Work order | Using the data that follows, output only the lines from the line with "Boho - 2 Bedrooms شقة فندقية أنتويرب" up to and including the line with "[울산=뉴시스] 추상철 기자", exactly, leaving pictures aside.

Supplied material |
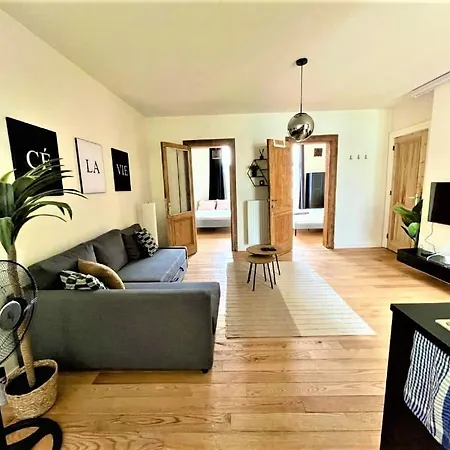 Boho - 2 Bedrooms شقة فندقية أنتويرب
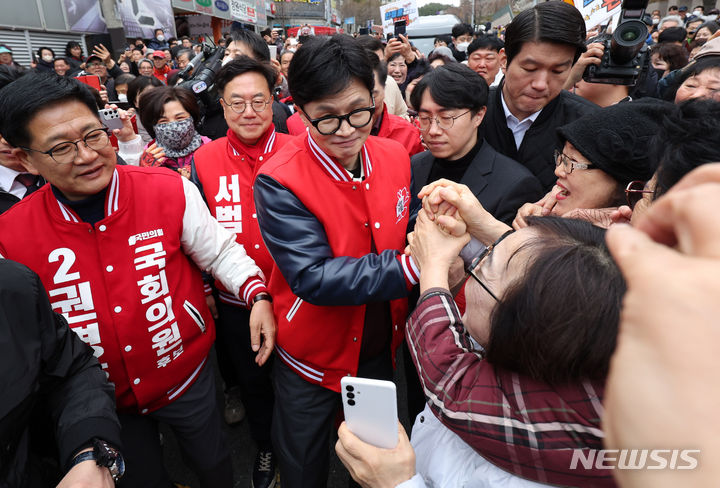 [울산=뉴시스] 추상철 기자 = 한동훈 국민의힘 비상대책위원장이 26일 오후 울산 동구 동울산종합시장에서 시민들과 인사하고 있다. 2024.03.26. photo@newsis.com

* * *

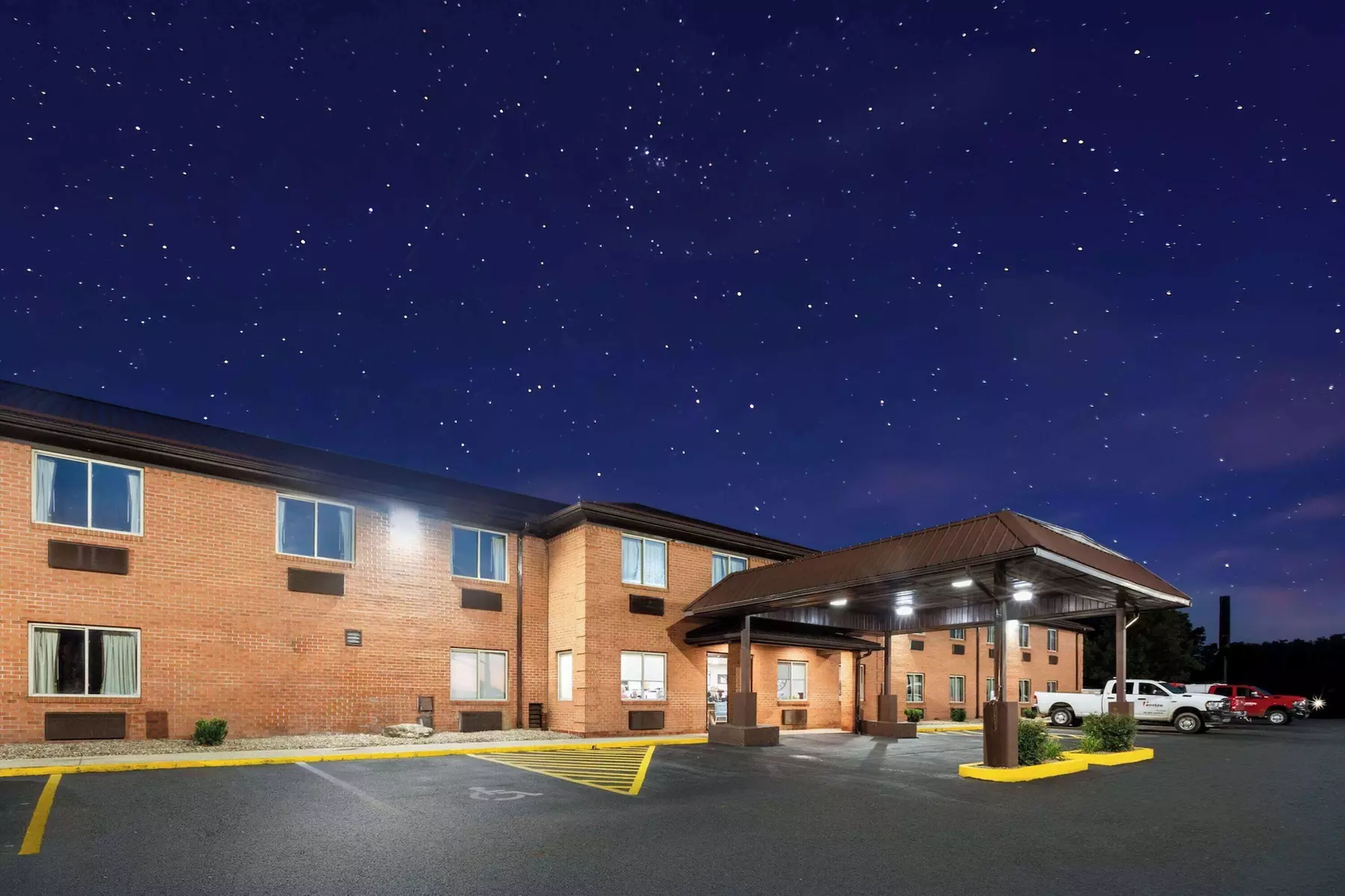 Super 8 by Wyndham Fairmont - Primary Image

Written answer |
 Boho - 2 Bedrooms شقة فندقية أنتويرب
 [울산=뉴시스] 추상철 기자 = 한동훈 국민의힘 비상대책위원장이 26일 오후 울산 동구 동울산종합시장에서 시민들과 인사하고 있다. 2024.03.26. photo@newsis.com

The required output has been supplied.